Roseau, July 12: Celebrated Indian off-break Harbhajan Singh may have just secured a major Test landmark with his career haul of 400 wickets. But such a feat doesn't satisfy the feisty tweaker. At 31-years of age and after chalking up 13 years with the senior Indian side, he wants to make the most of the last few years of cricket left in him and round off his career with 600 scalps.
"That's where I should be", said Harbhaj, speaking an interview with a leading cricket news agency. "If I don't reach there I will be disappointed. It will be my fault if I don't reach 600. It will depend on how badly I want to get there."
Bhajji often comes in for a whip-lashing from critics and detractors who pick on his faulty habit of bowling a middle and leg-stump line. But Harbhajan concedes that such flak is justified. He went on to admit that he had had a poor Jamaica Test recently due to such a reason. "For two days I just couldn't land the ball where I wanted, " said Harbhajan. "I tried my best, but it didn't happen. I felt disappointed and hurt."
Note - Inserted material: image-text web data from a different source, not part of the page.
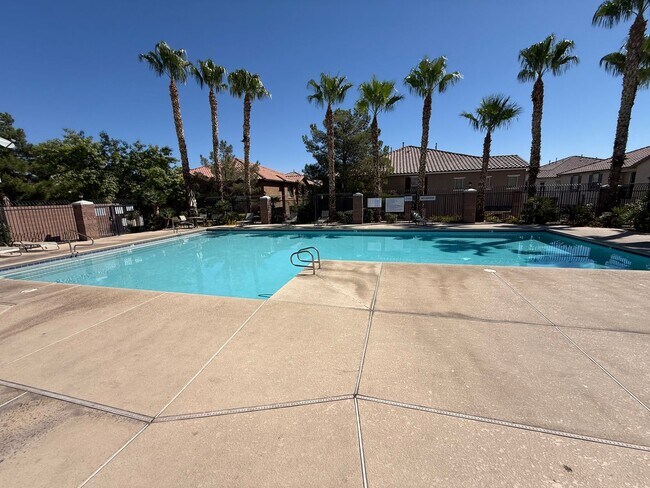 Building Photo - Beautiful 2-Story Townhome in Gated Area w...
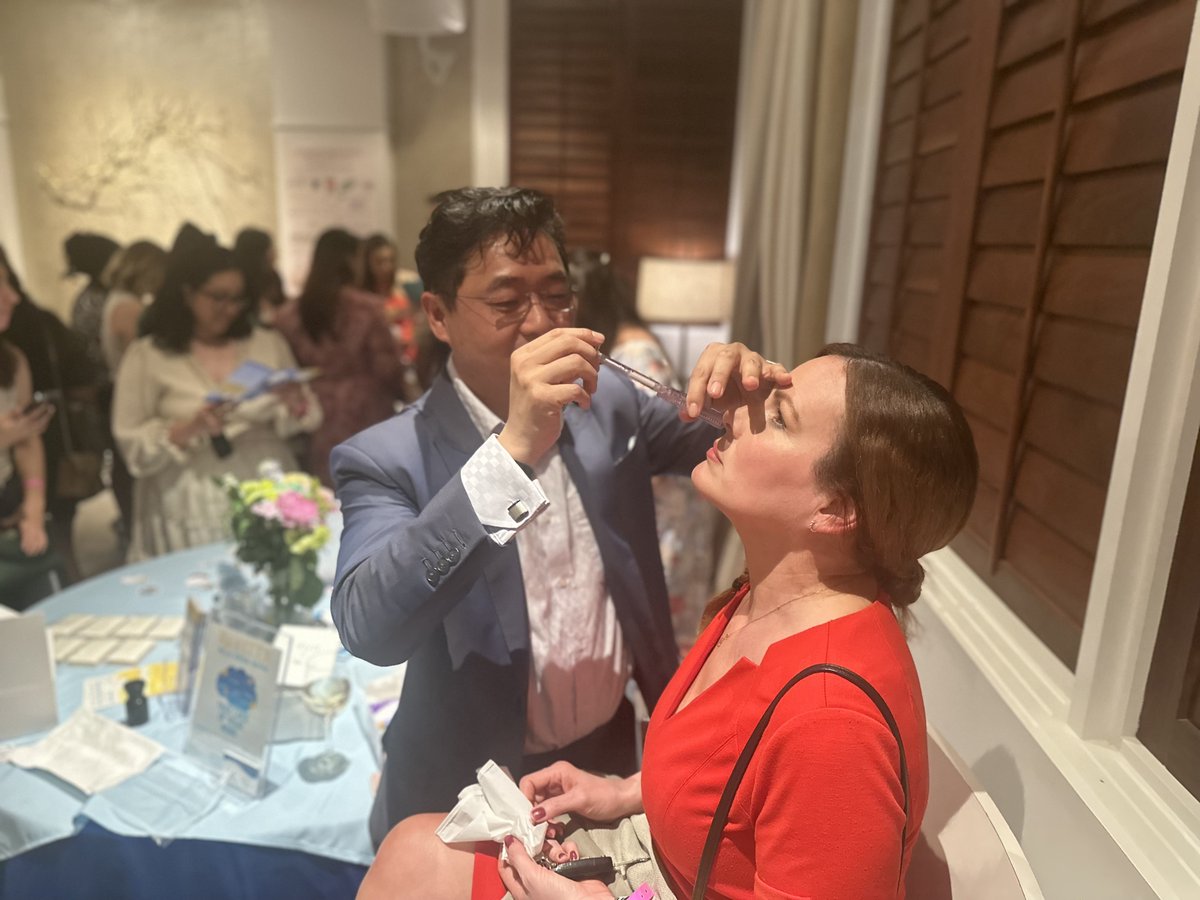 Dr. Tian Xia performs a quick, easy, and #natural #revittx treatment at the #socialitemediagroup #bossbabesofbusiness event   

#cbdstressrelief #stressrelief #mentalhealth #fightanxiety #mentalhealthsolution #selfcare #lifestyle #improvesleep #goodsleep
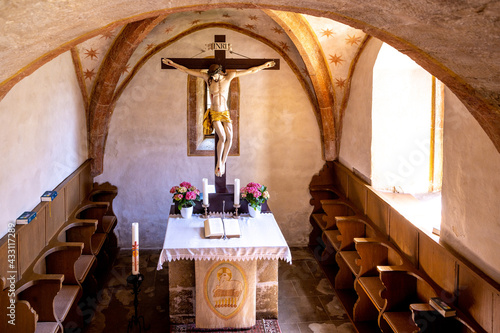 historische Kirche Innenraum mit Christus und Altar photo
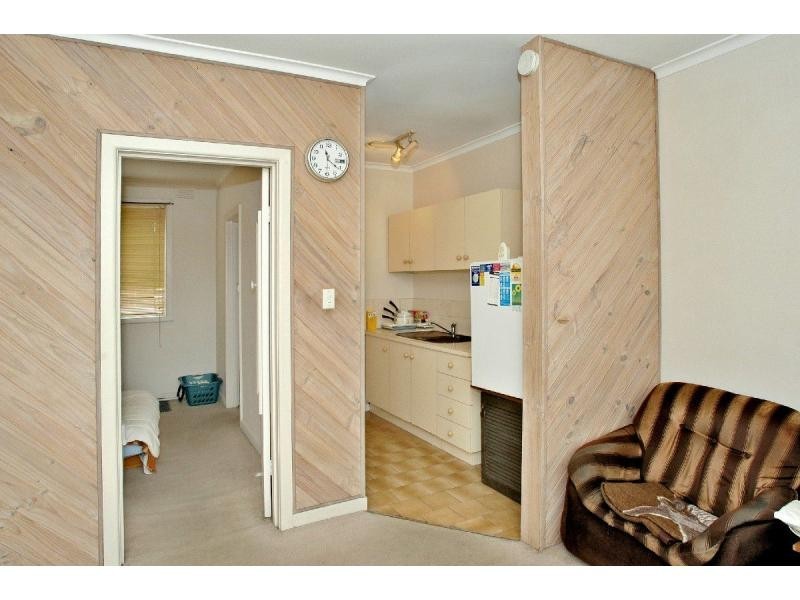 8/4 Prince Street, Essendon VIC 3040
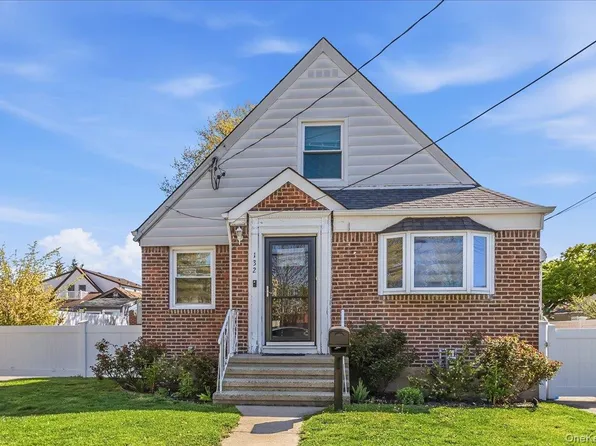 132 Wardwell Road, Mineola, NY 11501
In retrospection, Bhajji says his first few years were tumultuous as he had to contend with shouts of an illegal bowling action. That marked only one controversy in a spate of such over a career that has turned out to be a bumpy ride.
"When I was young my action came in to doubt. I had to go abroad and clear it. Those days I didn't even speak proper English. I couldn't talk at all with anyone. Then I was thrown out of the NCA. Then my father died, which was my lowest phase. Then that Sreesanth incident. I thought my cricket will be over after that."
Harbhajan names India's 2009 tour of New Zealand as perhaps his most prosperous outing. He was the lone off-spinner, bowling alongside three seamers. "Your role demands that your seamers remain fresh and you bowl a tight line. Don't try and do lots of different things. Make sure things are under control. There wasn't much in the pitch, and I bowled well".
When questioned on why he tends to bowl over-spin as against conventional side-spin, Bhajji pointed out that it is just his style. "It has been natural with me. I always had the bounce; it was the biggest thing I had. I get a lot of bat-and-pad gap. I try to stick to that".
Harbhajan added that after his 2001 Test series against Australia where he picked up 32 wickets in 3 Tests, he never considered himself playing second fiddle to leg-spinner Anil Kumble. "After that 2001 series against Australia, I never thought I want to be the second spinner in the team. I never felt I was the fourth bowler and that it my role was to get two wickets and go. I wanted to win games."
In conclusion, Bhajji said that he sees himself as a warrior."I am a warrior. I will put myself against anyone and I will give my best for all my friends, my team-mates, my country and myself."